§ **What you need to do**: Exact copy, no pictures: reproduce every record below as it stands.

══ Records for the exercise ══

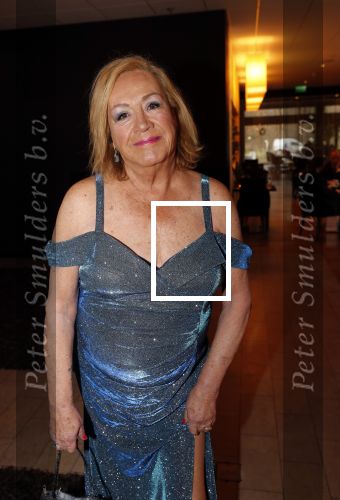 Den Haag 16 december 2019
De society lunch in hotel crown plaza . Viola Holt met Frank Jansen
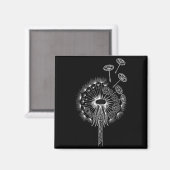 スチームパンクのタンポポの花の機械工 マグネット (正面/裏面)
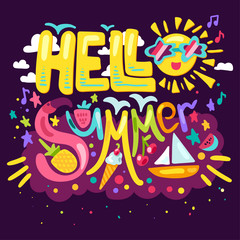 Hello Summer Concept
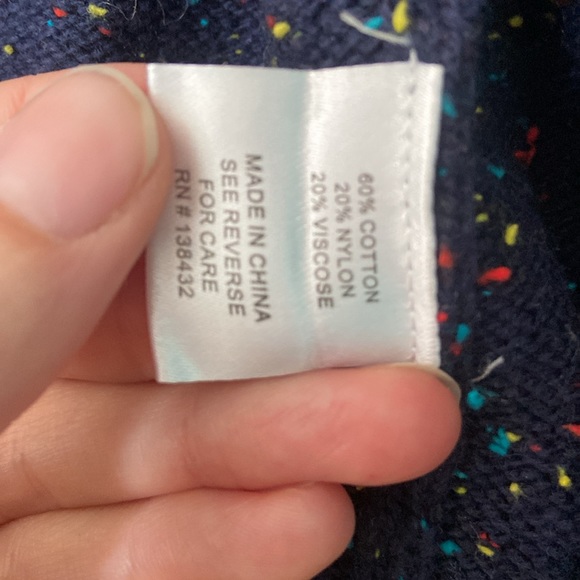 ModCloth Blue Confetti Crop Cardigan - Picture 9 of 9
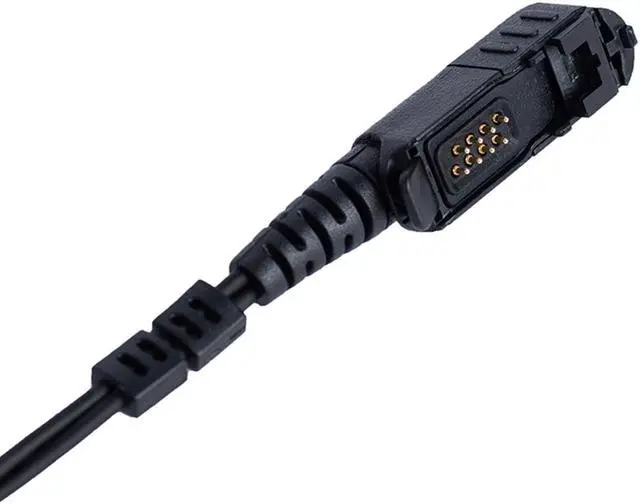 Alt view image 5 of 6 - Covert Acoustic Tube Two Wire Earpiece Headset Mic PTT for Motorola Radio XPR3500 XPR3000 XPR3300 XPR3300e XPR3500e walkie Talkie 10 Pack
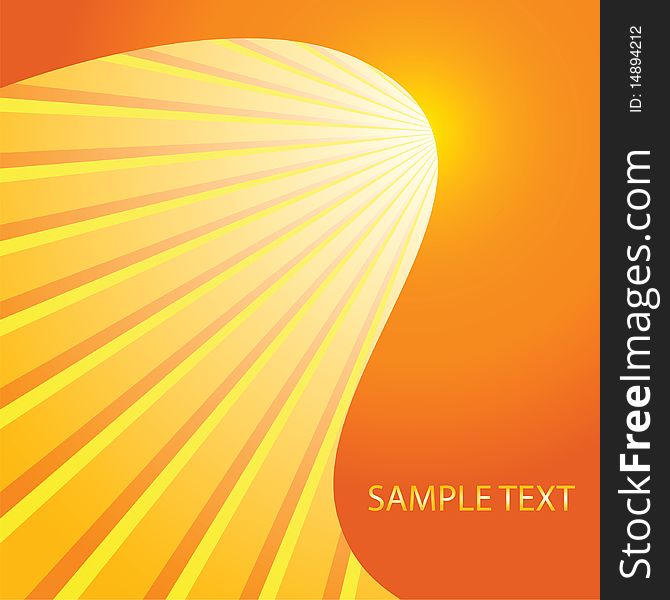 Sunburst with a place for your text. Vector illustration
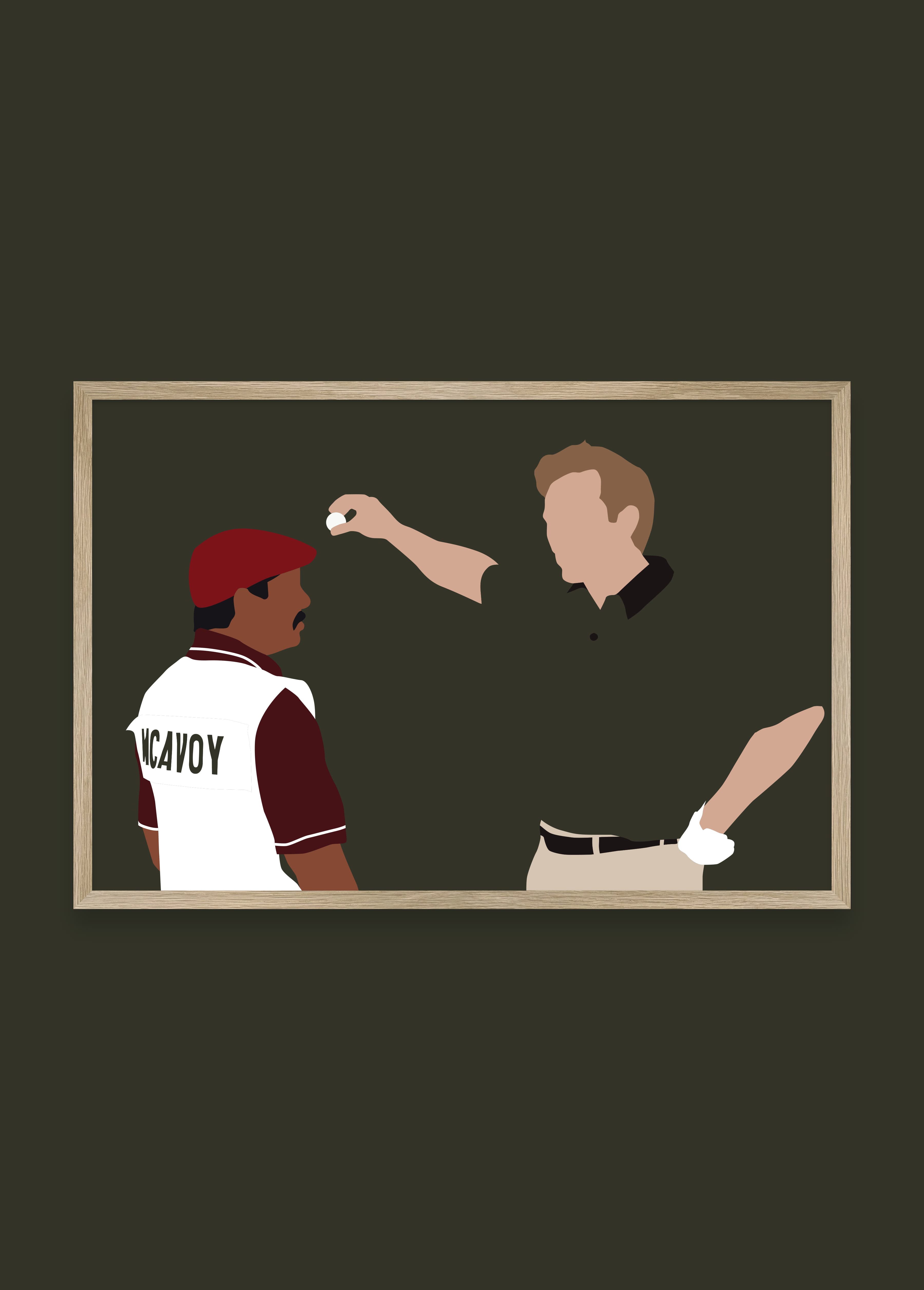 Go For It golf art print — Tin Cup Kevin Costner going for glory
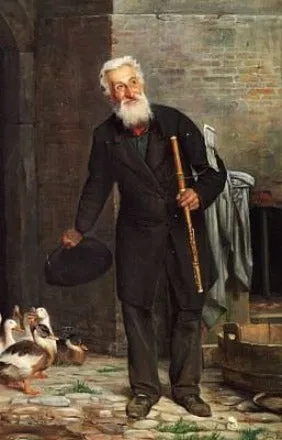 A flute player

═══

§ **Task solution**:
 Den Haag 16 december 2019
De society lunch in hotel crown plaza . Viola Holt met Frank Jansen
 スチームパンクのタンポポの花の機械工 マグネット (正面/裏面)
 Hello Summer Concept
 ModCloth Blue Confetti Crop Cardigan - Picture 9 of 9
 Alt view image 5 of 6 - Covert Acoustic Tube Two Wire Earpiece Headset Mic PTT for Motorola Radio XPR3500 XPR3000 XPR3300 XPR3300e XPR3500e walkie Talkie 10 Pack
 Sunburst with a place for your text. Vector illustration
 Go For It golf art print — Tin Cup Kevin Costner going for glory
 A flute player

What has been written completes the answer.